As far as they know Axel, Jonathan and Ana are the last three human beings left on the planet. Together, they live in a claustrophobic bunker in a post-apocalyptic hell. Outside lies a perilous, urban landscape filled with the undead where they must scavenge and hunt for food and supplies.
There are countless tales of apocalyptic nightmares spread across film and television nowadays but none are like Christoph Behl’s What’s Left of Us. A fascinating character study disguised as a science fiction thriller, the film is a taught and emotional portrayal of three survivors struggling to make ends meet on the edge of oblivion. The set-up of the film might seem mundane but the end product is anything but. Set within the confines of a single run-down apartment the film slowly grows to become a claustrophobic account of what it would be like to live in a post apocalyptic world. This is both compelling and an utterly terrifying thought and Behl plays on these fears perfectly.

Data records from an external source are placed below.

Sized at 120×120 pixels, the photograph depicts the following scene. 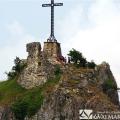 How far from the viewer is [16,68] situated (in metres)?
184

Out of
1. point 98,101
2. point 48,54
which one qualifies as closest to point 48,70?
point 48,54

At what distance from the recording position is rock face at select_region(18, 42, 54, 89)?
17350 cm

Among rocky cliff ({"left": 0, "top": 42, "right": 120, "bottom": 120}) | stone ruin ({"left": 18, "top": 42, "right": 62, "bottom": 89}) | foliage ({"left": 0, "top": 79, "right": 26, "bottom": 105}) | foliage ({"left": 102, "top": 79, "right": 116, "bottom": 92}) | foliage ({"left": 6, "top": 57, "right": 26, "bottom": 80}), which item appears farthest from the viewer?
foliage ({"left": 6, "top": 57, "right": 26, "bottom": 80})

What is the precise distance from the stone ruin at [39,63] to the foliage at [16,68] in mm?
2986

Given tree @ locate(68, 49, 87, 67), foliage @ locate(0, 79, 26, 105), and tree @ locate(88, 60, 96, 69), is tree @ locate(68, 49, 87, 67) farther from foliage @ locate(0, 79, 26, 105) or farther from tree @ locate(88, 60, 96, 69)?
foliage @ locate(0, 79, 26, 105)

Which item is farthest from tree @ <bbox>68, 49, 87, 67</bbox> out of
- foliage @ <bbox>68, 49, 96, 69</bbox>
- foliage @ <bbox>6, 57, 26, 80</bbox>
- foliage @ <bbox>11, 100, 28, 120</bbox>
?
foliage @ <bbox>11, 100, 28, 120</bbox>

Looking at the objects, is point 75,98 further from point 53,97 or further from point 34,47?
point 34,47

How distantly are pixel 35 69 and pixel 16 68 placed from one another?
9.77m

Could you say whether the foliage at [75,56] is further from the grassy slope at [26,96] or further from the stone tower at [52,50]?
the grassy slope at [26,96]

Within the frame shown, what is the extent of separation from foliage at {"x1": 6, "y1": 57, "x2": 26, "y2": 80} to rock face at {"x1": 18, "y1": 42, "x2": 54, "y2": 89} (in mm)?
3115

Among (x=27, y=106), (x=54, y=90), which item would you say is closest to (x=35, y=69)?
(x=27, y=106)

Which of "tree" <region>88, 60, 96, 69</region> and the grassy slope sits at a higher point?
"tree" <region>88, 60, 96, 69</region>

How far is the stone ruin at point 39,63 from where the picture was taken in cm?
17362

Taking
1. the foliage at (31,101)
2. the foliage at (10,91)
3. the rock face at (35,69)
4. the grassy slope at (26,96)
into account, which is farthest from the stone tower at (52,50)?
the foliage at (10,91)
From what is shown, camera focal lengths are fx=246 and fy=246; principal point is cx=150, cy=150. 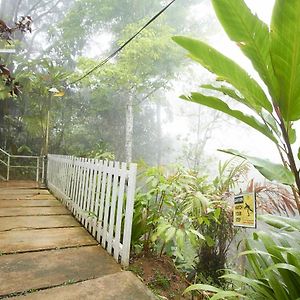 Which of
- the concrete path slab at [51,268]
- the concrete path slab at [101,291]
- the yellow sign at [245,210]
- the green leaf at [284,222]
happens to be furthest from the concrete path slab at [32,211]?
the green leaf at [284,222]

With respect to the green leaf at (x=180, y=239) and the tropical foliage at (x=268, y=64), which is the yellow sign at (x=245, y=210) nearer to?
the tropical foliage at (x=268, y=64)

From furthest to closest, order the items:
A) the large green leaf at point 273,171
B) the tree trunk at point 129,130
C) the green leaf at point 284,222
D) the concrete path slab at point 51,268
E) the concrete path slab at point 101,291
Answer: the tree trunk at point 129,130, the concrete path slab at point 51,268, the concrete path slab at point 101,291, the green leaf at point 284,222, the large green leaf at point 273,171

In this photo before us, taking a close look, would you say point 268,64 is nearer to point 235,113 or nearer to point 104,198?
point 235,113

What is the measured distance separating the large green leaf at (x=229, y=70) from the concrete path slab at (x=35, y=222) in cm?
275

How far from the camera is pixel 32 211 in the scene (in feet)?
12.1

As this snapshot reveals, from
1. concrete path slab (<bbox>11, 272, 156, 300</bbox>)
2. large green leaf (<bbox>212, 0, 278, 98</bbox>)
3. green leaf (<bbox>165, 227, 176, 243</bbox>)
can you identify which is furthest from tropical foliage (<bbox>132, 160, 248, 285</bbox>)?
large green leaf (<bbox>212, 0, 278, 98</bbox>)

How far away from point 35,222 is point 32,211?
57 cm

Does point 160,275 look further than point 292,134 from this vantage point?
Yes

As director he is not afraid to take an incredibly slow approach to develop his characters and the world they live in. We rarely see what is going on outside their apartment but there is no mystery that the horrors outside their door is harrowing as the soundtrack is made entirely of the ambient sounds heard from outside of the isolated apartment. The low guttural groans and shuffles of the undead outside cement a thoroughly unsettling feel throughout the film. Starring in the leads are Lautaro Delgado as Axel, William Prociuk as Jonthan and the role of Ana is played by respected theatre actress Victoria Almedia. Each character has their own unique characteristics. Axel hides behind his obsession of tattooing his entire body, Jonathan pines for the love of Ana who is growing wiry of the world around her.
Their motivations and ways of dealing with their circumstances is also told through a series of confessionals given by each character to a video camera which later becomes pivotal to the plot of the film. I wont go into any further detail but I was thoroughly impressed by the performances as every member of the cast delivers a performance that sells the reality of the film. Overall, Christoph Behl’s take on the apocalyptic subgenre is undoubtedly interesting as it applies focus to the characters and not the nightmare world around them. As a thriller it is not entirely fresh and it does crawl along at a snails pace but What’s Left of Us remains an engrossing thriller that truly satisfies voyeuristic desires.